>>>>>

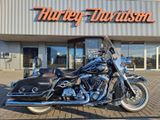 HARLEY-DAVIDSON ROAD KING CLASSIC FLHRC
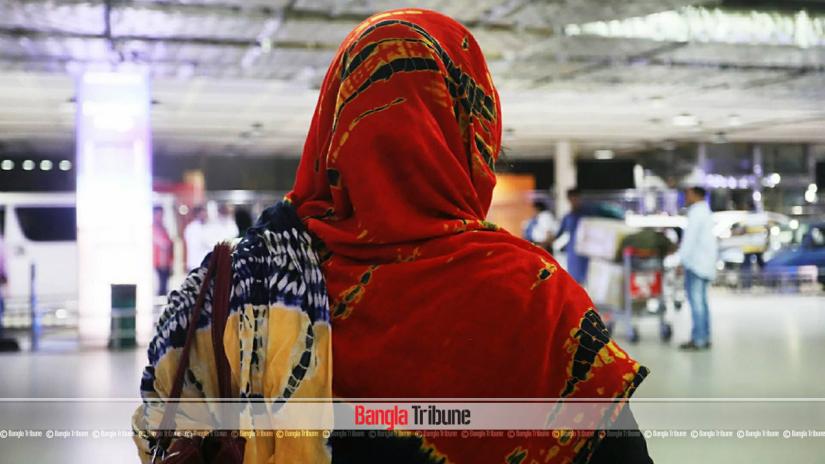 A female worker returns home from Saudi Arabia. BANGLA TRIBUNE/file photo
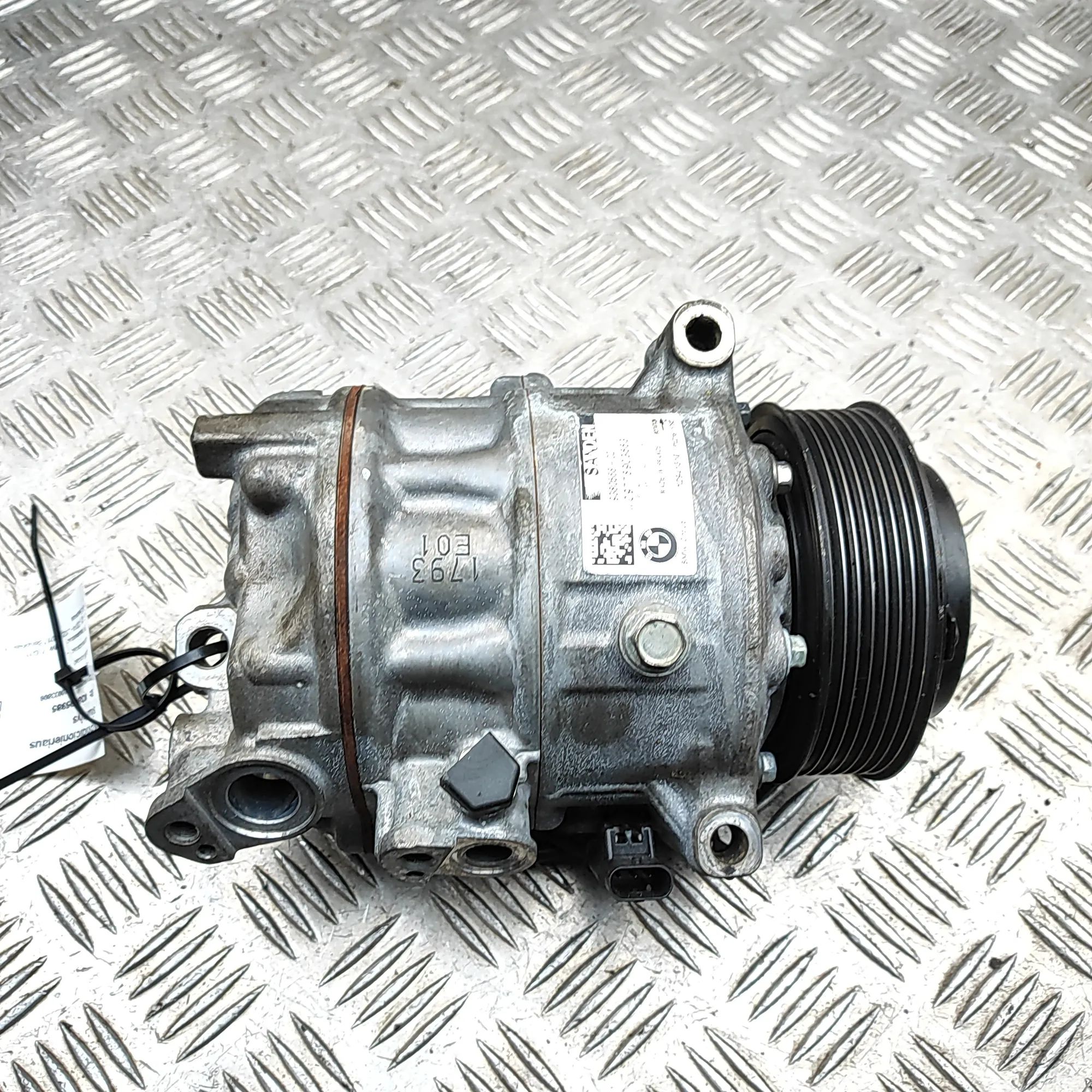 BMW 7 (G11 / G12) Air Condition A/C Pump 9380568 Air Condition A/C Pump BMW 7 SERIES (G1...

<<<<<

▶ [Task to complete]
The copy should match each line above exactly and contain no images.

▶ [Problem solution]
 HARLEY-DAVIDSON ROAD KING CLASSIC FLHRC
 A female worker returns home from Saudi Arabia. BANGLA TRIBUNE/file photo
 BMW 7 (G11 / G12) Air Condition A/C Pump 9380568 Air Condition A/C Pump BMW 7 SERIES (G1...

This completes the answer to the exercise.